White House Responds to Langevin and McCaul on Wassenaar Concerns

Feb 2, 2016 Issues: Cybersecurity

Congressional Cybersecurity Caucus Co-Chairs Congressmen Jim Langevin (D-RI) and Michael McCaul (R-TX) have received a response to a December letter to National Security Advisor Susan Rice urging her involvement in further revisions to U.S. implementation of export controls on cybersecurity software. Langevin and McCaul sent the letter to Ambassador Rice along with 123 bipartisan Members of Congress.

In her response on behalf of the Administration, Caroline Tess, Special Assistant to the President and Senior Director for Legislative Affairs at the National Security Council, recognized the concerns and advised that a final rule will not be issued without at least one more round of public comment. Since December, Tess indicated the Administration has “intensified engagement” with relevant stakeholders to ensure that any controls placed on the proliferation of intrusion software are done so “in a manner consistent with promoting cybersecurity.”

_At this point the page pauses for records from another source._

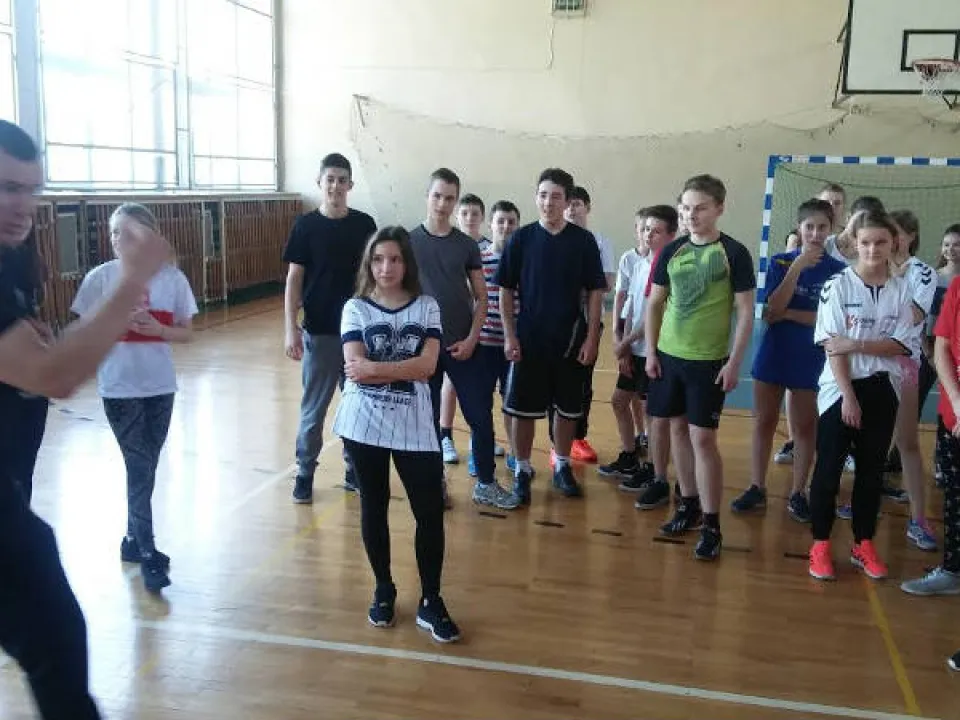 Trening z Mistrzem — zdjęcie 10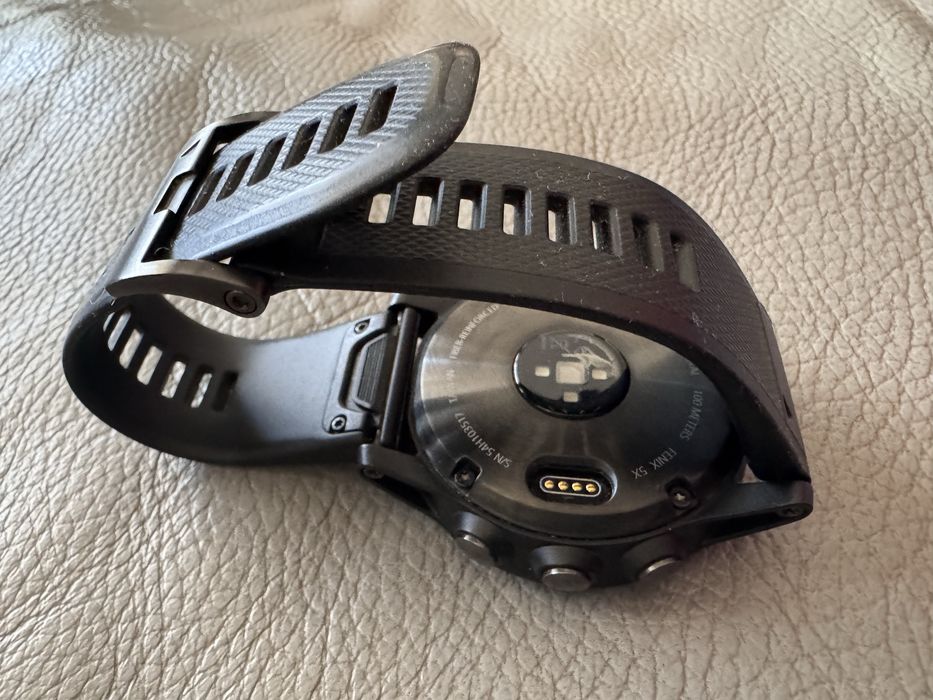 Garmin Fenix 5 smartwatch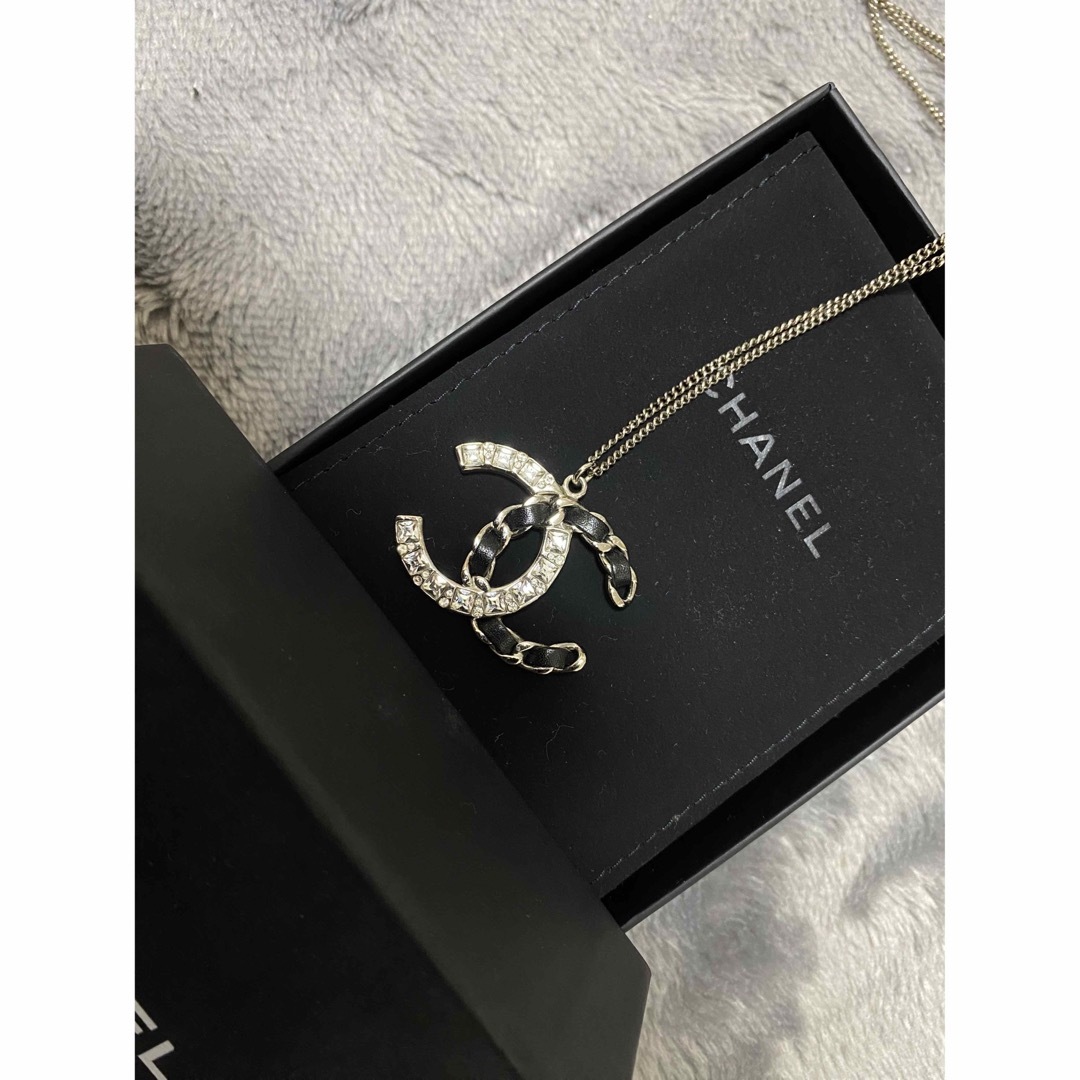 CHANEL(シャネル)のCHANEL ネックレス レディースのアクセサリー(ネックレス)の商品写真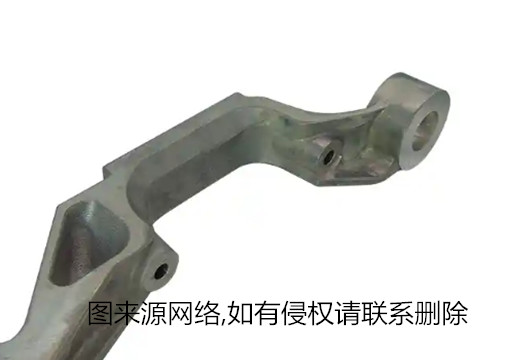 压铸铝毛刺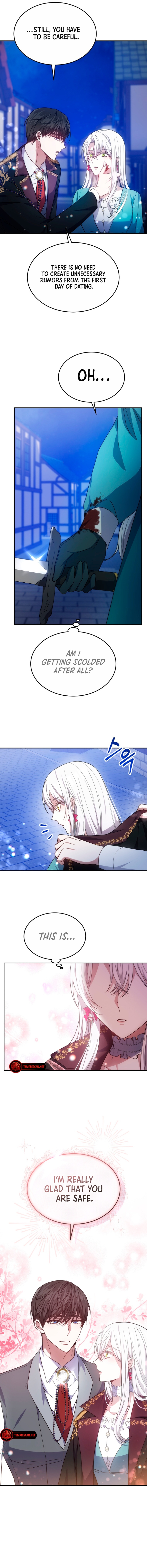 The Main Male Characterâs Nephew Really Likes Me Chapter 45 page 13 - 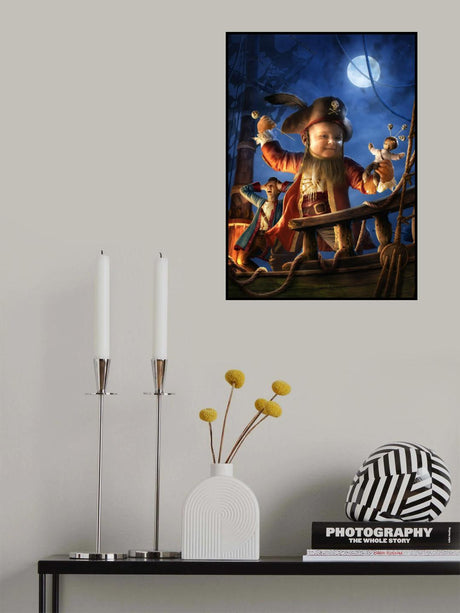 Voodoo Child Poster och Canvastavla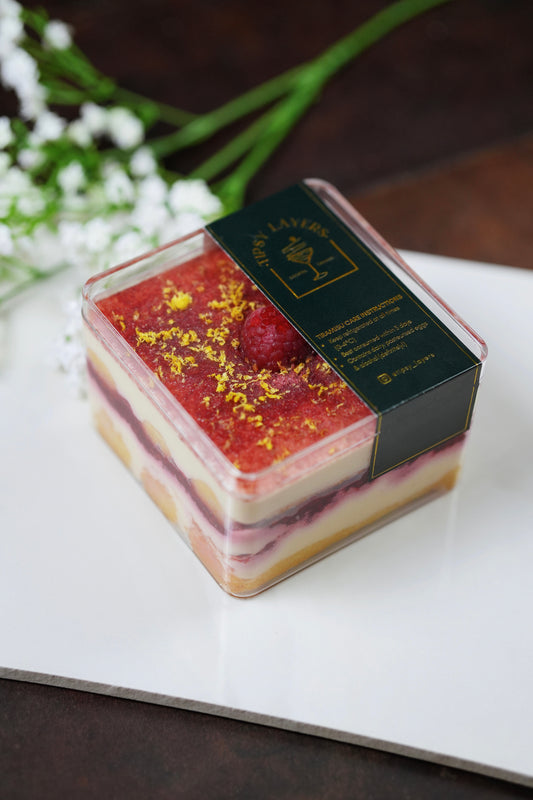 The Clover Club Tiramisu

“I thank Ambassador Rice for re-engaging the National Security Council on this important issue,” said Langevin. “It is clear that the original proposed rule would have ‘come at the expense of legitimate cybersecurity activities;’ closer NSC involvement will help a revised rule steer clear of these pitfalls. However, as we learned at the Homeland Security Committee hearing last month, the underlying problem may lie in the Arrangement language itself, meaning the only solution may be to go back to Wassenaar and renegotiate. I am confident that the NSC, with additional insight from industry leaders and cybersecurity experts, will be able to guide the interagency to an outcome that protects our national security, and I look forward to continuing my work with Chairman McCaul to monitor this process.”

“I also thank Ambassador Rice and the National Security Council for their re-engagement on this serious national security issue,” said McCaul. “As evidenced by the testimony during the Committee on Homeland Security and Committee on Oversight and Government Reform joint subcommittee hearing last month, this proposed rule – and relevant section of the underlying agreement itself – would have significant unintended consequences for security researchers, cybersecurity providers, and our overall cyber posture. With this response, I am also hopeful that the NSC, in coordination with industry leaders and academics, will be able to guide the process here forward so as to ensure the United States can continue to protect American information and information systems that ultimately keep our country safe. I also look forward to continue working with Congressman Langevin as we oversee this critical process.”